More importantly, they will not be treated as second-class citizens — as has been the fate of their fellow nationals who remained behind when the Israelis took over their country in 1948.
All this may sound like a fantasy, but it is essentially what has been promised in the days before the Palestinians and Israelis, at the behest of their American hosts and in the company of two Arab leaders, begin their direct talks in Washington next Thursday in a very belated attempt to reach a final settlement.
There is no doubt that the two-day talks in Washington, to be continued elsewhere, probably in Cairo, represent a diplomatic coup for Netanyahu. He has managed to assemble the high and mighty without publicly revealing his cards in any form or fashion, much to the chagrin of the Palestinians. What has been most laughable to date has been the credit he undeservedly received for accepting the idea of a two-state solution, a point that was conceded by all parties decades ago.
Nobody knows which of the Israeli leader's often contradictory ideas he will put forward at the coming session in Washington. However, US Secretary of State Hillary Clinton has made an effort to clearly set out which issues — identified since 1979 — will be tackled by the two sides under the supervision of the Obama administration and the Quartet — the United Nations, the European Union, Russia and the United States. These are: borders, security, the Palestinian refugees' right of return and the status of Occupied Jerusalem.

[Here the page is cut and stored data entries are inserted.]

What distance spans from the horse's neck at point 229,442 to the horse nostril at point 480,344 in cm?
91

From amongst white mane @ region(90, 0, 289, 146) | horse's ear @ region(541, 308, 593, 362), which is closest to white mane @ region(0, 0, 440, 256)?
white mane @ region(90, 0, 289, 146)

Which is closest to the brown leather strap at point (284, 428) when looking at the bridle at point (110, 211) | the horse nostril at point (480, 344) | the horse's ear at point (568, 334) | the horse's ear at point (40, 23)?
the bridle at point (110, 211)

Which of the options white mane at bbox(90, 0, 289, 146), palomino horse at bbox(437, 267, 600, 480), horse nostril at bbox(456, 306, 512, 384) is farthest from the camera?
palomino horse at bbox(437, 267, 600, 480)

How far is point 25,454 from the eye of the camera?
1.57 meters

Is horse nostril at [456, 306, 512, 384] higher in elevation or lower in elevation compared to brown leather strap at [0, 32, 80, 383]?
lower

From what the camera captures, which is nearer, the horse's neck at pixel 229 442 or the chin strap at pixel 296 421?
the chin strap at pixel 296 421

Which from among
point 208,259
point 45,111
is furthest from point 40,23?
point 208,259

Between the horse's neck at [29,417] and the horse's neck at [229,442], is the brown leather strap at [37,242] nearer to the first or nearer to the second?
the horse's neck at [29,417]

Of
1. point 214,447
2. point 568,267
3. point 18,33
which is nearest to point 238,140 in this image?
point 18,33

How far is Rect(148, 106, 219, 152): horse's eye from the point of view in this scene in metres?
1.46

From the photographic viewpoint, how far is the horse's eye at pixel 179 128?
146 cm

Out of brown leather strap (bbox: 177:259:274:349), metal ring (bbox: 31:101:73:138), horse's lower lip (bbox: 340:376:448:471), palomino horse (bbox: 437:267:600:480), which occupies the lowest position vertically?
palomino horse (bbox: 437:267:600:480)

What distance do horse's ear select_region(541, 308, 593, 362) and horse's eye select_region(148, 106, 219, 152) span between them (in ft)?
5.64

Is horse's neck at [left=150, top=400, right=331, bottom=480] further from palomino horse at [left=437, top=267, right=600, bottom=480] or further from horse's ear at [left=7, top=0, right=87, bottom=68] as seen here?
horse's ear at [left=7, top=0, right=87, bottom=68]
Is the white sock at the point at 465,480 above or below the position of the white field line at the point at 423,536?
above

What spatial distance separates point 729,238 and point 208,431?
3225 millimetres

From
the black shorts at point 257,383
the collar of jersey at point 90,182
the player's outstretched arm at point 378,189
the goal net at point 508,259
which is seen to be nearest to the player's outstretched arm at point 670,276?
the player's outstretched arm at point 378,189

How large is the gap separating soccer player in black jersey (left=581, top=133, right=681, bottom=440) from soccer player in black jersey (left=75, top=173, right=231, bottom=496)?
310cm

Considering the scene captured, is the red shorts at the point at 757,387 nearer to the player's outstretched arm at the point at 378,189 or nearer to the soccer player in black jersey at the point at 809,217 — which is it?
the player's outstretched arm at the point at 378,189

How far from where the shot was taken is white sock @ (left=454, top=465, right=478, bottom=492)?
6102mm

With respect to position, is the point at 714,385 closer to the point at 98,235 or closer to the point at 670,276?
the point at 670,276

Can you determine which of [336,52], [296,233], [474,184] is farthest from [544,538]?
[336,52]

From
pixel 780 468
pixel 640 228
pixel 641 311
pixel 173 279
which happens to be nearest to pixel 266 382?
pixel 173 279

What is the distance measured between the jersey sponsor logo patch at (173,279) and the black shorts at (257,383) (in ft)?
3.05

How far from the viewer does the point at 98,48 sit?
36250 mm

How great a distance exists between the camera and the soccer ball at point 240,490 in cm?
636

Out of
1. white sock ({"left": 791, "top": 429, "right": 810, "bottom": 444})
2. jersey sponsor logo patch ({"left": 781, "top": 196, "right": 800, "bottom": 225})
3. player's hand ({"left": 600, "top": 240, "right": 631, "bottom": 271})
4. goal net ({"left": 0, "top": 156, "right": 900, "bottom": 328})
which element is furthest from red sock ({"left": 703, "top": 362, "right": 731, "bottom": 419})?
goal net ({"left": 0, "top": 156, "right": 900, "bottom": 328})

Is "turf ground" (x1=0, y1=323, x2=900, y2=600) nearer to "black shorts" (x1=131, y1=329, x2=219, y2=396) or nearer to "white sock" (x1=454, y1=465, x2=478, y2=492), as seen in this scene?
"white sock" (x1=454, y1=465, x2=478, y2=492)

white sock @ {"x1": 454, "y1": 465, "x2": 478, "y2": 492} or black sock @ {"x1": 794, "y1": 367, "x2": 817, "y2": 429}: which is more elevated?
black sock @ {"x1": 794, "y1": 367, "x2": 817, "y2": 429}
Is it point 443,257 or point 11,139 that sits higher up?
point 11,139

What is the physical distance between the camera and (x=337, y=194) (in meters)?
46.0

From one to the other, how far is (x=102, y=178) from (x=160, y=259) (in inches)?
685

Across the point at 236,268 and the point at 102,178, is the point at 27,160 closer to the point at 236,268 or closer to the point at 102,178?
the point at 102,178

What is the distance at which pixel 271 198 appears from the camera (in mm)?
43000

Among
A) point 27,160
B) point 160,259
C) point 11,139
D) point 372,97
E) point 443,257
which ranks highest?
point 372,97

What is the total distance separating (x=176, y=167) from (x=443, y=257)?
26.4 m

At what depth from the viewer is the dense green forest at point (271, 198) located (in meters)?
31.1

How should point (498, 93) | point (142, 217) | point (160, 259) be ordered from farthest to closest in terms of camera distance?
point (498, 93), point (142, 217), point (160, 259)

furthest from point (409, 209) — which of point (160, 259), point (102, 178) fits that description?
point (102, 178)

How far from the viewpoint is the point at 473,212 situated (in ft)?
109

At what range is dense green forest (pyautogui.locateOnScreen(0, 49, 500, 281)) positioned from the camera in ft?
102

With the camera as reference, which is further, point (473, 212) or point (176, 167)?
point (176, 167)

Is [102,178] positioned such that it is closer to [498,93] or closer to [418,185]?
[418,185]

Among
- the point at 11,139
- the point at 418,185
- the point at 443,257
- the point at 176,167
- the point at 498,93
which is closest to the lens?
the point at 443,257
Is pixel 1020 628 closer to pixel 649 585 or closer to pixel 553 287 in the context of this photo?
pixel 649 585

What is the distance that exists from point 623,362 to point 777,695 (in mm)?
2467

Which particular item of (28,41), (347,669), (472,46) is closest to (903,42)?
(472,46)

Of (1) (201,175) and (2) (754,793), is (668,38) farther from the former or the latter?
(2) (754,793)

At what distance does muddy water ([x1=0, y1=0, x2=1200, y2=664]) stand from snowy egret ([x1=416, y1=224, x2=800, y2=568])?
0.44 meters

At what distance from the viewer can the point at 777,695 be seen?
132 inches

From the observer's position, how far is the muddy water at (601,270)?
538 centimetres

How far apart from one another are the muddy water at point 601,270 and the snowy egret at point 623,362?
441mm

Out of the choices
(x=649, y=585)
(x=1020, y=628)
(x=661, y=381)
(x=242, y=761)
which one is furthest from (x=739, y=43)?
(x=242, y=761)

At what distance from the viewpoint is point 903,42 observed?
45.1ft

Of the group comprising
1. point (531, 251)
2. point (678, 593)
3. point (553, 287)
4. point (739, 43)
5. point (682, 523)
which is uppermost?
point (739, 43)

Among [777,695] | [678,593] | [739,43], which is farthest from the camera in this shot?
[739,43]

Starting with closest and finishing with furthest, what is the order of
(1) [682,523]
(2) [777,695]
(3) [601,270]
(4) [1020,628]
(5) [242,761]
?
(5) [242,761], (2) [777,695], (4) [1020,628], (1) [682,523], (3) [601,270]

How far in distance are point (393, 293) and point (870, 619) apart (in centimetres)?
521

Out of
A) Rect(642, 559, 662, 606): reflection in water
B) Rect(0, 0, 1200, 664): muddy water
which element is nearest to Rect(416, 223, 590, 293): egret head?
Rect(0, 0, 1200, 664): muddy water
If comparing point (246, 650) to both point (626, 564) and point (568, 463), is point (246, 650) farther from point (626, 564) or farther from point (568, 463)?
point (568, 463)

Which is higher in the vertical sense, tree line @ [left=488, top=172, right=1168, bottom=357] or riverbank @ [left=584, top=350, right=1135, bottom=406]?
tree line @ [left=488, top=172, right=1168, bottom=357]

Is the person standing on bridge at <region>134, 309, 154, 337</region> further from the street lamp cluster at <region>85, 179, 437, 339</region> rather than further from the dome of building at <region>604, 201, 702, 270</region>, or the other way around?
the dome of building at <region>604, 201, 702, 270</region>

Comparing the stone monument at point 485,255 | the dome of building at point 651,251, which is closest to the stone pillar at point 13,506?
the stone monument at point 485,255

Of course, there are many other issues that also need to be addressed. One prominent example is water, an issue that has bedevilled Palestinians in the West Bank, where some half a million Israelis have moved into illegal colonies, many replete with gardens and swimming pools, since the 1967 Arab-Israeli war. Others include a contiguous West Bank and a direct link with the Gaza Strip, now ruled by Hamas; and the demolition of the separation barrier that has denied many farmers access to their land.
Netanyahu has raised several sensitive issues that have the potential to derail the negotiations. These include his call for a demilitarised Palestine and an Israeli military base on the Jordan River, which separates what would become the state of Palestine from Jordan, which has a peace agreement with Israel. More provocatively, he has once again insisted that Israel should be recognised as "a national state of the Jewish people" at a time when one-fifth of Israel's citizens are Palestinians.
All eyes will be focused on Netanyahu, considered a master manipulator, to see what he does about his shaky 10-month freeze on colony activity, which expires on September 26. Should he fail to extend the commitment, it is very doubtful that the talks will proceed any further, especially given that the Quartet's statement last week called on both sides "to observe calm and restraint, and to refrain from provocative actions and inflammatory rhetoric".
In short, despite the view that Palestinian National Authority President Mahmoud Abbas is in a weaker position than Netanyahu, primarily because of Abbas' failure to win over Hamas and other groups, his strength stems from two facts: He does not have to sign anything he cannot live with; and should he pull out of the talks it will be in US President Barack Obama's best interest to immediately seek to revive the process. Sponsoring a Palestinian-Israeli settlement would go a long way towards improving his performance in opinion polls, which is increasingly important as US midterm elections approach.